● WORK ITEM
Match the word "Standard". Return each line of the data below where it appears.

╭─ GIVEN INFORMATION

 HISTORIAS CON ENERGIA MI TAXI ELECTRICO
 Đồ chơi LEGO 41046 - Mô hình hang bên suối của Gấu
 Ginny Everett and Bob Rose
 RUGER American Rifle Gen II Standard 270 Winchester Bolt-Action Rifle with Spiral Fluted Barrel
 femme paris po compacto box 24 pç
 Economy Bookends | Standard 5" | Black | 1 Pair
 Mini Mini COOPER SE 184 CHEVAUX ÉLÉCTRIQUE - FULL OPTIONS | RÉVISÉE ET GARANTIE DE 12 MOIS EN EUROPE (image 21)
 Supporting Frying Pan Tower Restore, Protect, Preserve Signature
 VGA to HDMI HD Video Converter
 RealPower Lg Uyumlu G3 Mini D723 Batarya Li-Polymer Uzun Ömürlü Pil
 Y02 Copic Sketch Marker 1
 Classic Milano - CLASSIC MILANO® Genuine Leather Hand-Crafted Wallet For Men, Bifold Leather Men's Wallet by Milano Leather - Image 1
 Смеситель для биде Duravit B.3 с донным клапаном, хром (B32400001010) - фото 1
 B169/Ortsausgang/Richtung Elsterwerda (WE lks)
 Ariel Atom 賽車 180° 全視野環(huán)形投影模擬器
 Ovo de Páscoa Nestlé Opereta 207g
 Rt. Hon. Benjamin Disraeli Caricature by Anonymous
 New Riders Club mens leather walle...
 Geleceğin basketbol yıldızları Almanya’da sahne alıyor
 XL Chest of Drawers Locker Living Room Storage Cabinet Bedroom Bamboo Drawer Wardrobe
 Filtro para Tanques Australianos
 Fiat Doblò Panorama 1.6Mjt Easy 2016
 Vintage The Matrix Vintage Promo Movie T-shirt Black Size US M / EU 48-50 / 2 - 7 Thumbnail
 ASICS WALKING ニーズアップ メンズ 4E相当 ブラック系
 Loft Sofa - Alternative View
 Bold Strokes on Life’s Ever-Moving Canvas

╰─

● RESPONSE TO THIS EXERCISE
 RUGER American Rifle Gen II Standard 270 Winchester Bolt-Action Rifle with Spiral Fluted Barrel
 Economy Bookends | Standard 5" | Black | 1 Pair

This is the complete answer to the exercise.